Once we have death figured out, then we have to address taxes. Just kidding. The next clause in the agency agreement deals with expenses and what my agency is entitled to receive as reimbursement from the author.

About two years ago, I actually stopped charging back most expenses to my clients. Why? Because the world of publishing had changed rapidly. These days I email my submissions (with the rare hard copy being sent out by snail mail).The biggest costs were photocopy and delivery. With that pretty much a non-issue, it didn’t seem worth the time to muddle with the accounting by tracking the only expense we end up really having which is FedEx and postage.

Now we do charge back for expenses related to selling subrights. Often we have to buy extra copies of client books in order to send on to foreign publishers and Hollywood co-agents. This can be expensive (and hence the one main charge-back to the clients). Now we try and wrestle as many free copies out of the publishers as we can get but it never seems to be quite enough since we pursue foreign and film subrights aggressively.
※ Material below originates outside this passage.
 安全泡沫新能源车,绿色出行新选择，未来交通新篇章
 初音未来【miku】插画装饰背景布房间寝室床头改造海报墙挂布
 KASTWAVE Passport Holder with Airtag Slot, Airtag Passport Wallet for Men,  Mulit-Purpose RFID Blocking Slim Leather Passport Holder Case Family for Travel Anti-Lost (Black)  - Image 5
Here’s the clause if you want to see how it reads:

NLA will be entitled to receive reimbursement from the Author for the following expenses relative to the representation of a project: special delivery/payment expenses, International/foreign shipping if applicable, costs associated with the selling of all secondary rights, including costs such as purchasing extra books and/or galleys used to sell those secondary rights.

Reproduction costs, postage & delivery, as well as all other normal costs associated to running a business such as office supplies, rent, or utilities are not an author billable expense. Please note that applicable charges are accrued to an author account and reimbursed from the author's income from publisher payments. Reimbursed deductions will be itemized and supported by receipts.